### Information shown
........

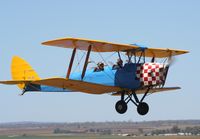 VH-JRS - image taken at Clifton Airfield - by ScottW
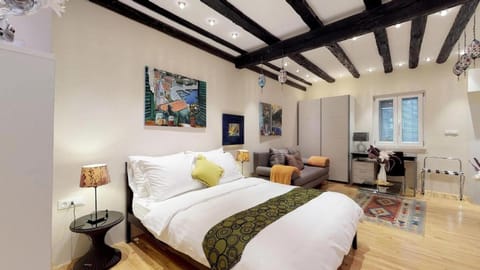 Bed, Bedroom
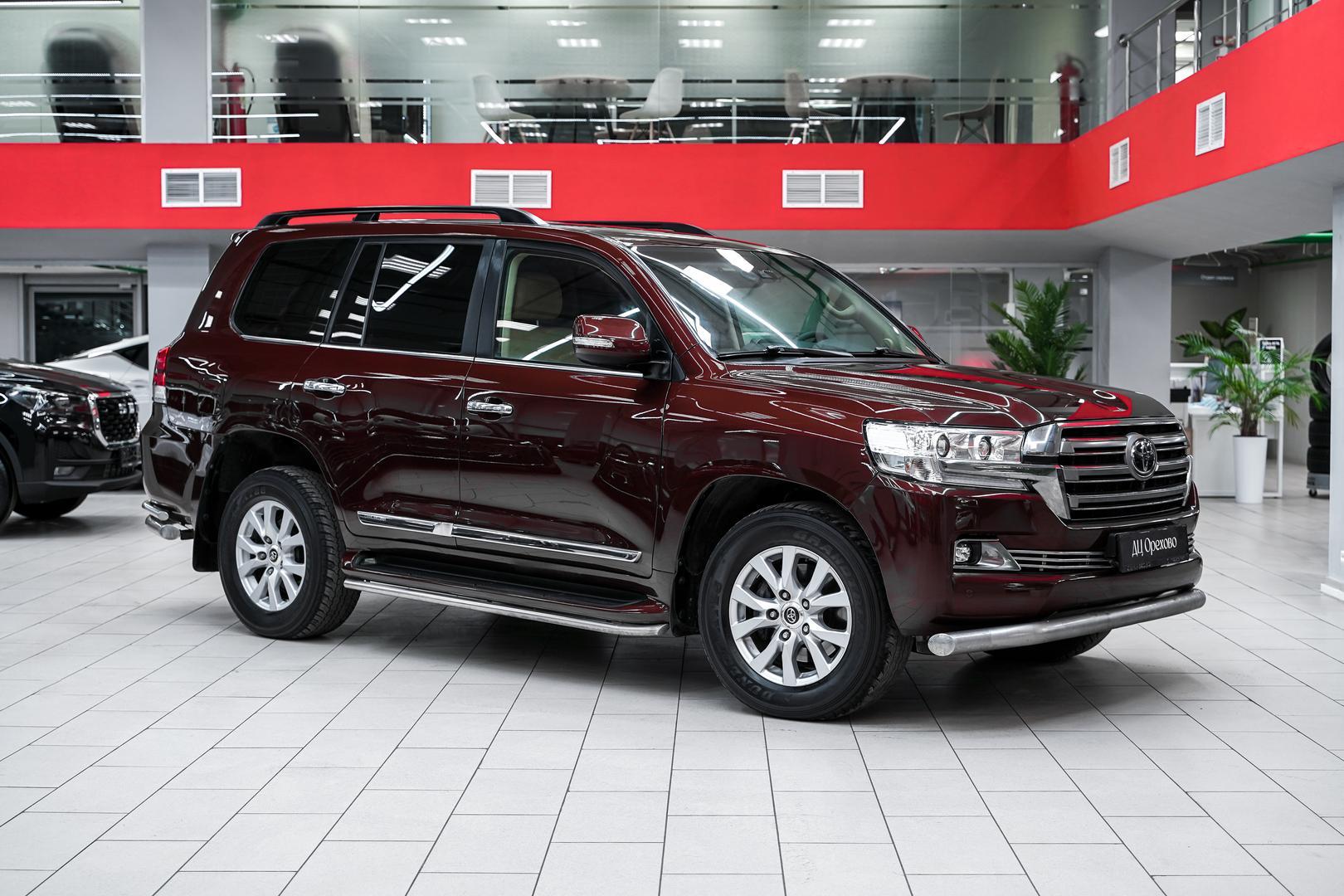 Toyota Land Cruiser 2015, коричневый, ДЦ Орехово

........

Please retype the data exactly as it appears, but without any of its pictures.

 VH-JRS - image taken at Clifton Airfield - by ScottW
 Bed, Bedroom
 Toyota Land Cruiser 2015, коричневый, ДЦ Орехово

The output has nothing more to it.